Drive already mounted at /content/drive; to attempt to forcibly remount, call drive.mount("/content/drive", force_remount=True).


In [4]:
clips_path = os.path.join('/content/drive/MyDrive/DNS', 'clips')
noise_path = os.path.join('/content/drive/MyDrive/DNS', 'noise')
output_path = os.path.join('/content/drive/MyDrive/DNS', 'output')

In [122]:
clean_files = [os.path.join(clips_path,f) for f in os.listdir(clips_path) if os.path.isfile(os.path.join(clips_path, f))]
clean_files.sort()
noisy_files = [os.path.join(noise_path,f) for f in os.listdir(noise_path) if os.path.isfile(os.path.join(noise_path, f))]
noisy_files.sort()

# Ensure clean_files and noisy_files have the same length
min_len = min(len(clean_files), len(noisy_files))
clean_files = clean_files[:min_len]
noisy_files = noisy_files[:min_len]

print(len(clean_files), len(noisy_files))

915 915


In [126]:
# pre process the data, combining clear_voice and noise for training
def load_audio(file_path, sr=16000):
  try:
    audio, _ = librosa.load(file_path, sr=sr, mono=True)
    return audio
  except Exception as e:
    print(f"Error loading audio file {file_path}: {e}")
    return None

def normalize_audio(y):
  if y is None or len(y) == 0:
    return y
  return y / np.max(np.abs(y))

def mix_audio(speech, noise, snr_db):
  """
  Mixes speech with noise at given SNR (Signal-to-Noise Ratio)
  """
  if speech is None or noise is None:
    return None
  speech_power = np.mean(speech ** 2)
  noise_power = np.mean(noise ** 2)

  # Avoid division by zero
  if noise_power == 0:
    noise_power = 1e-10

  target_noise_power = speech_power / (10 ** (snr_db / 10))
  noise = noise * np.sqrt(target_noise_power / noise_power)
  mixed = speech + noise
  return normalize_audio(mixed)

def extract_mfcc(y, sr=16000, n_mfcc=40):
  if y is None:
    return None
  mfcc = librosa.feature.mfcc(y=y, sr=sr, n_mfcc=n_mfcc)
  return mfcc.T

def process_pair(speech_path, noise_path, output_dir, snr_db=5):
  speech = load_audio(speech_path)
  noise = load_audio(noise_path)

  if speech is None or noise is None:
    print(f"Skipping pair due to audio loading error: {speech_path}, {noise_path}")
    return None, None

  # Trim noise to speech length or pad speech with silence
  if len(noise) < len(speech):
      noise = np.tile(noise, int(np.ceil(len(speech) / len(noise))))
  elif len(noise) > len(speech):
      speech = np.pad(speech, (0, len(noise) - len(speech)), 'constant')

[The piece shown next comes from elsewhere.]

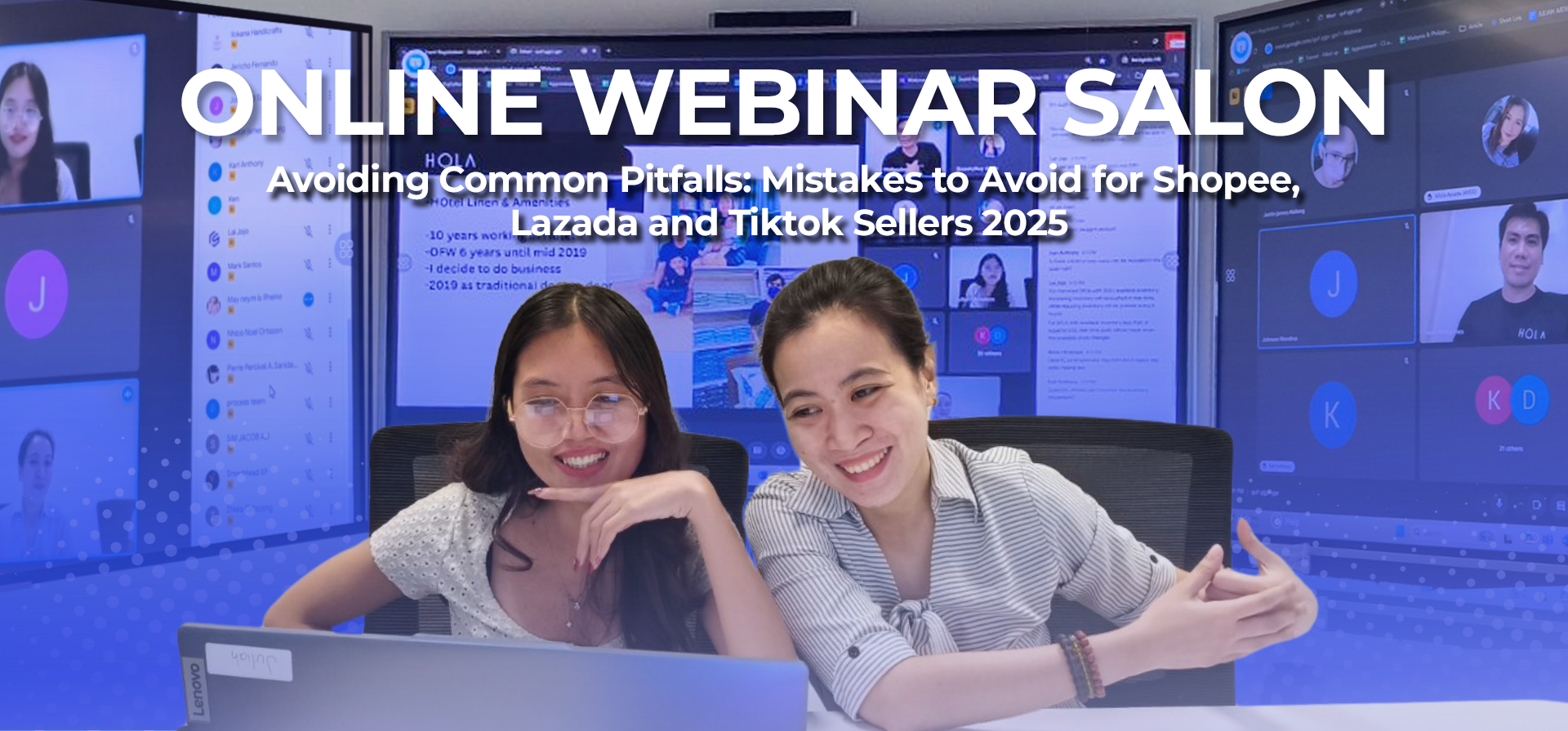 BigSeller Webinar: Mistakes to Avoid for Shopee, Lazada, and TikTok Sellers in 2025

  noise = noise[:len(speech)]
  mixed = mix_audio(speech, noise, snr_db)

  base_name = os.path.basename(speech_path).replace('.mp3', '.wav')
  try:
      sf.write(os.path.join(output_dir, f'clean_{base_name}'), speech, 16000)
      sf.write(os.path.join(output_dir, f'noisy_{base_name}'), mixed, 16000)
  except Exception as e:
      print(f"Error writing audio files: {e}")
      return None, None

  return speech, mixed

def preprocess_dataset(speech_folder, noise_folder, output_dir, sample_count=1000):
  speech_files = glob(os.path.join(speech_folder, '*.mp3'))
  noise_files = glob(os.path.join(noise_folder, '**/*.wav'), recursive=True)

  os.makedirs(output_dir, exist_ok=True)

  for i in range(sample_count):
      if not speech_files or not noise_files:
          print("No speech or noise files found. Exiting.")
          break

      s_path = random.choice(speech_files)
      n_path = random.choice(noise_files)
      process_pair(s_path, n_path, output_dir)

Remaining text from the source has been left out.